== Task material ==
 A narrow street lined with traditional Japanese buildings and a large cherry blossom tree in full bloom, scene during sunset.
===
== Task material ==
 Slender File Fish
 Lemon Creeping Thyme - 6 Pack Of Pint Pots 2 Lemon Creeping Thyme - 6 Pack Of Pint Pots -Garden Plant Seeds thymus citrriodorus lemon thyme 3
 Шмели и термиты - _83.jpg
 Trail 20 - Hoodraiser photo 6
===
Exercise instructions: Retype exactly, and only, the lines above from the one where "Lemon Creeping Thyme - 6 Pack Of Pint Pots 2" occurs up to and including the one where "Trail 20 - Hoodraiser photo 6" occurs.

Answer area:
 Lemon Creeping Thyme - 6 Pack Of Pint Pots 2 Lemon Creeping Thyme - 6 Pack Of Pint Pots -Garden Plant Seeds thymus citrriodorus lemon thyme 3
 Шмели и термиты - _83.jpg
 Trail 20 - Hoodraiser photo 6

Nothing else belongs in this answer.